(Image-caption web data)
▬▬▬
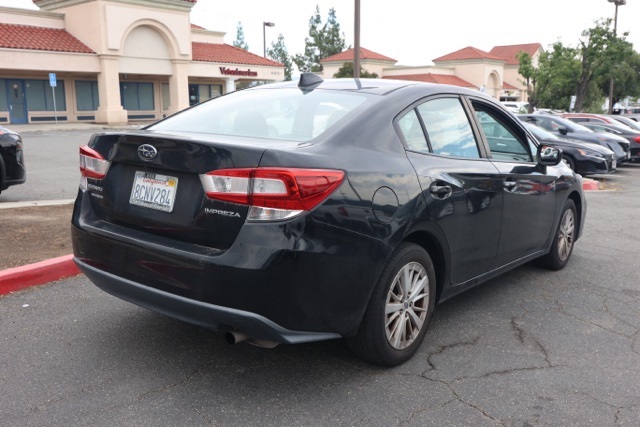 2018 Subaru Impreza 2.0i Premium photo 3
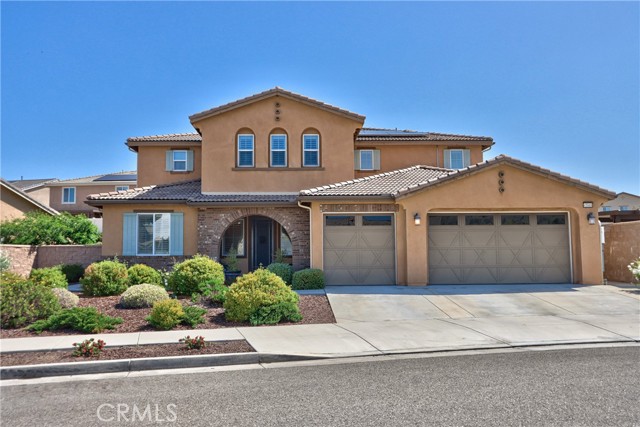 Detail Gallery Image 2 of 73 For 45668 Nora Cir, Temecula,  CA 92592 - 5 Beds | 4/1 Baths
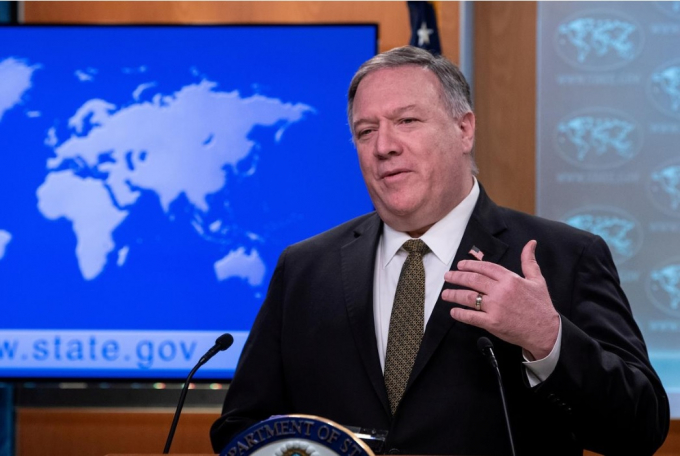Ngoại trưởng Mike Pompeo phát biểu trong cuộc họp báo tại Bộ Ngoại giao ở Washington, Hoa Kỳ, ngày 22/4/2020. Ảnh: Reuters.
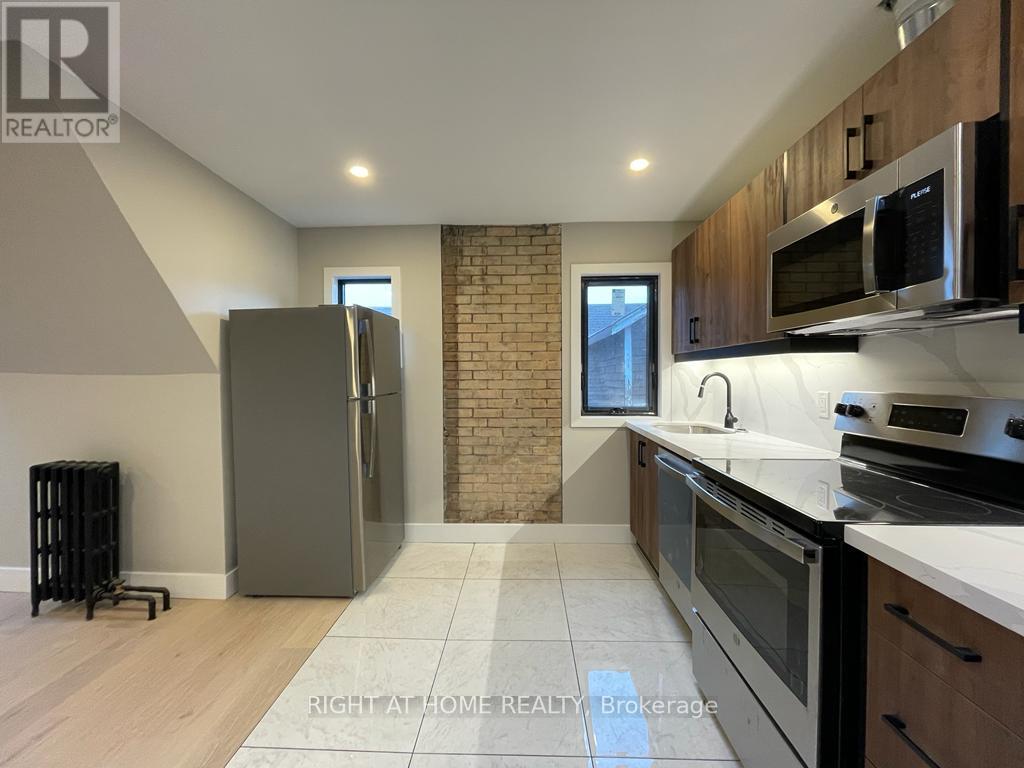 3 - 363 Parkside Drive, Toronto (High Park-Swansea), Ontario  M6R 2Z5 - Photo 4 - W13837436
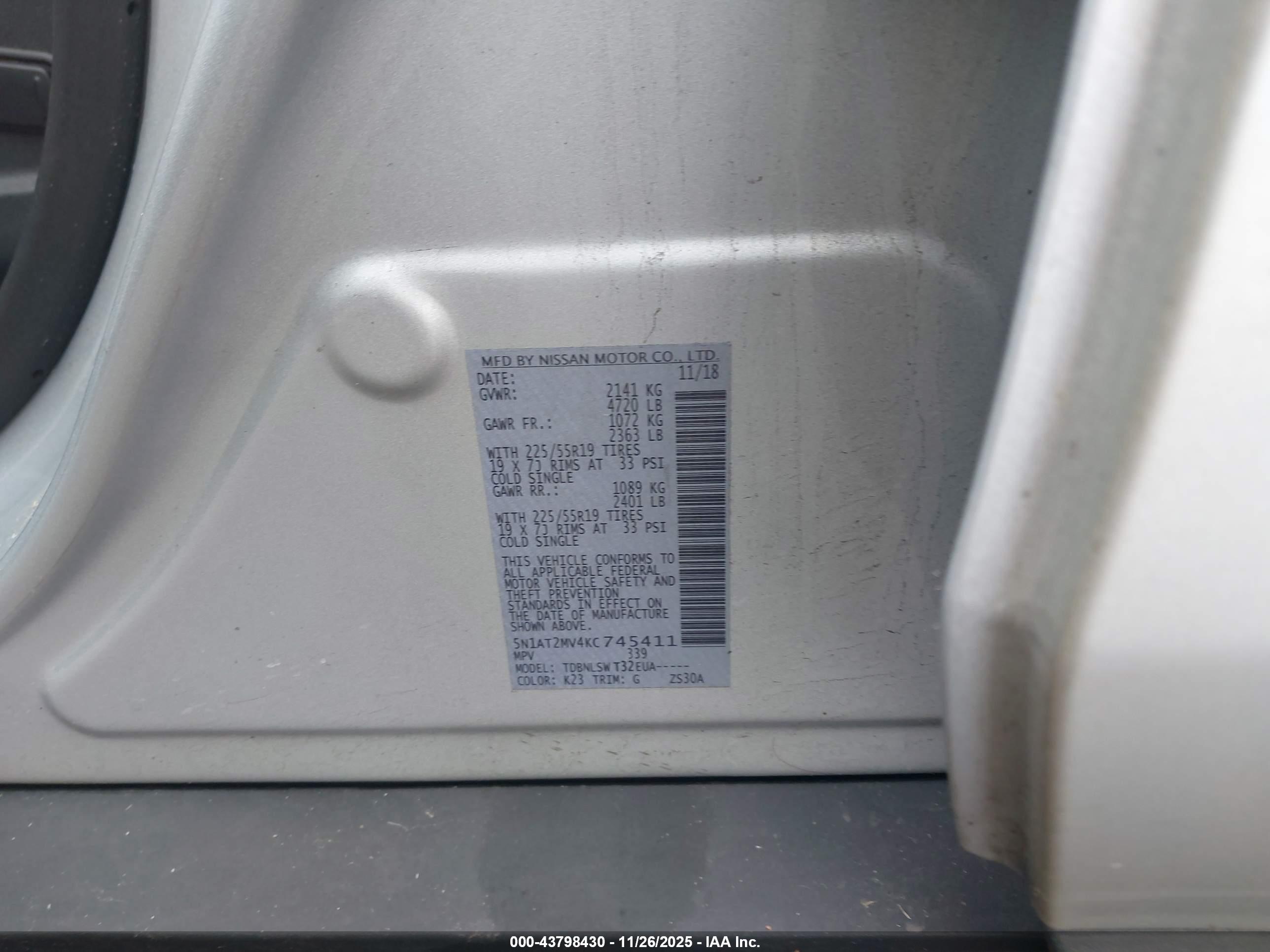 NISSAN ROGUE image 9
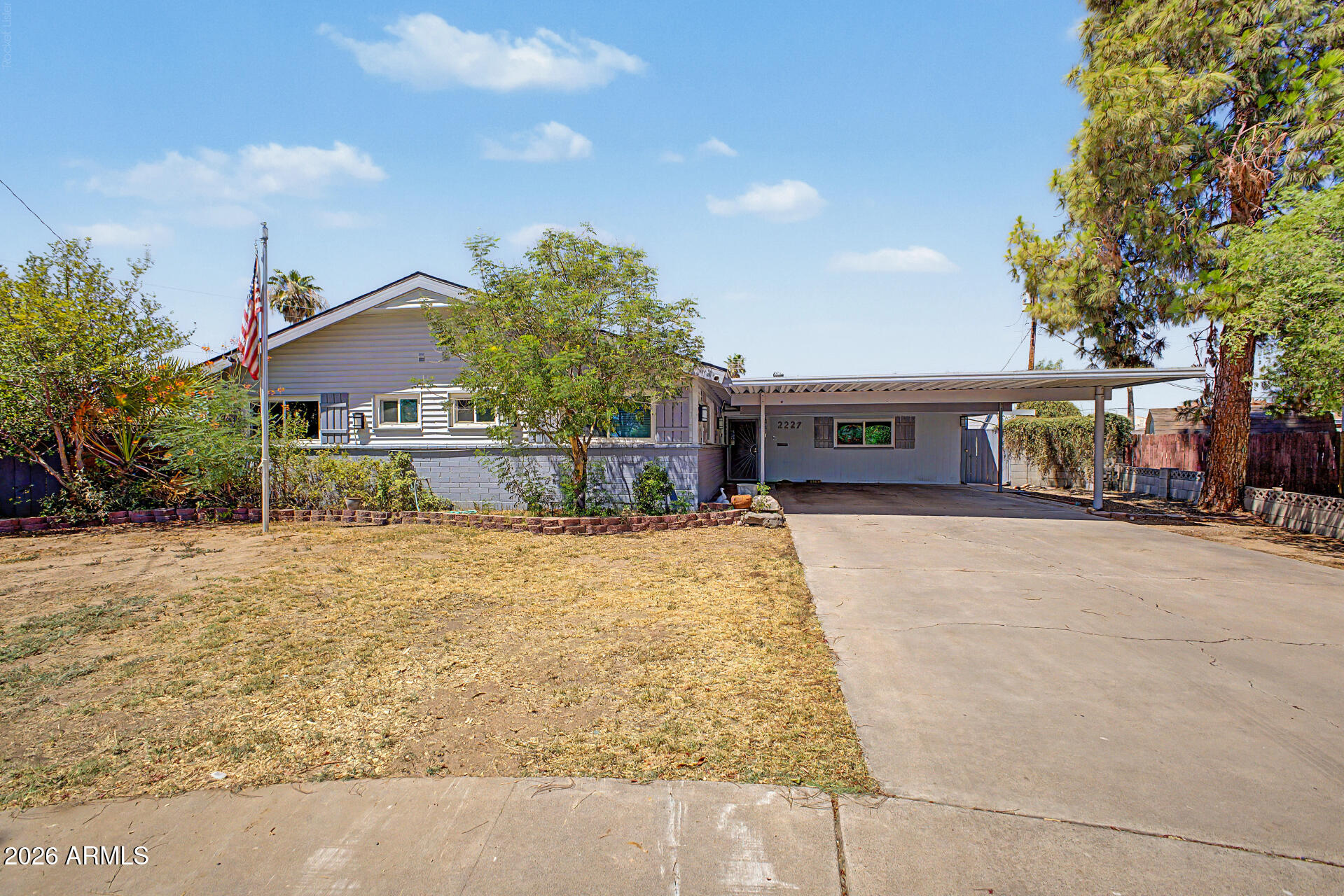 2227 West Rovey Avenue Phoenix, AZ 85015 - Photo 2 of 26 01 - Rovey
▬▬▬
■ Your task:
The result should be every line of the data, reproduced exactly, with the images removed.

■ Output for this task:
 2018 Subaru Impreza 2.0i Premium photo 3
 Detail Gallery Image 2 of 73 For 45668 Nora Cir, Temecula,  CA 92592 - 5 Beds | 4/1 Baths
Ngoại trưởng Mike Pompeo phát biểu trong cuộc họp báo tại Bộ Ngoại giao ở Washington, Hoa Kỳ, ngày 22/4/2020. Ảnh: Reuters.
 3 - 363 Parkside Drive, Toronto (High Park-Swansea), Ontario  M6R 2Z5 - Photo 4 - W13837436
 NISSAN ROGUE image 9
 2227 West Rovey Avenue Phoenix, AZ 85015 - Photo 2 of 26 01 - Rovey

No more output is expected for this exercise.